With McKnight on guitar the band recently recorded and released their third album, Foil Deer, another rock-solid entry in the band’s catalog in April. As always, the record is a mess of intricate and cryptic songwriting over snaking indie rock—it wasn’t surprising, then, that Falcone noted Elliott Smith’s ’90s band Heatmiser as a large influence.
Maybe more than ever before, though, the record demonstrates the band’s investment in pop music. “We listen to a lot of ’90s R&B, a lot of hip-hop, both bad and good, so whenever you kind of hear the pop elements come out in the songwriting—there’s a lot of singy, big R&B hooks,” McKnight said, which explains the roots of the permeating pop in thier music.

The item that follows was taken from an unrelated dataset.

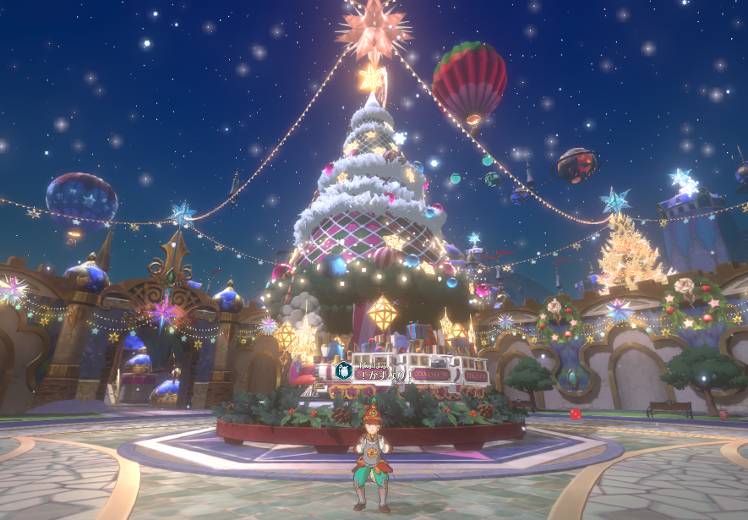 毎年クリスマスのエスタバ、キレイで大好き♡ - 二ノ国：Cross Worlds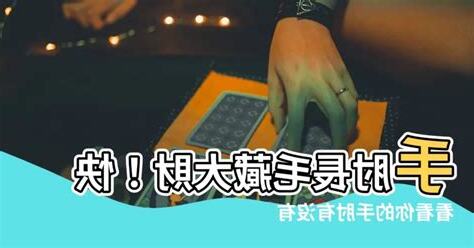 手肘長毛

The pop influences permeate all parts of Speedy Ortiz, as even on tour it makes up the majority of the band’s listening habits. “I like to bring CD-Rs on tour, where you burn, like, the Billboard Top 100 from like, random years, like 2005 or 1995 or something,” said Falcone. “And if we had a really long drive, like seven to eight hours, we’d just listen to the whole thing. We’d end up skipping maybe 30-40 [songs] because a lot of them are really bad.”
“I was actually really surprised,” McKnight added, “I really hated ‘Fergalicious’ and ‘My Humps’ and ‘London Bridge’ when they were new, but they don’t actually sound that bad however many years later. They’ve actually aged very well, which is something I hadn’t expected.”
On the subject of pop music, I had to ask about the band’s feelings regarding Taylor Swift, espoused via early single “Taylor Swift” (featuring the impossibly great line “I got a boy who likes to fuck to Can”).
“A lot of people really get defensive about it. ‘How dare you make fun of her…’ and it’s like, I don’t know, I don’t think we’re making fun of her, this is just objectively what a lot of her songs are about,” Falcone said. “I liked Red a little more than .”
Finally, when I asked the two what would make Friday’s Speedy Ortiz set particularly special, Falcone paused, and then answered, “A crowd that feels a little more intimate is always nice, there’s not as much separation between the stage and the people when you’re playing. And I would say, things like there being… dope beer in the back or something.”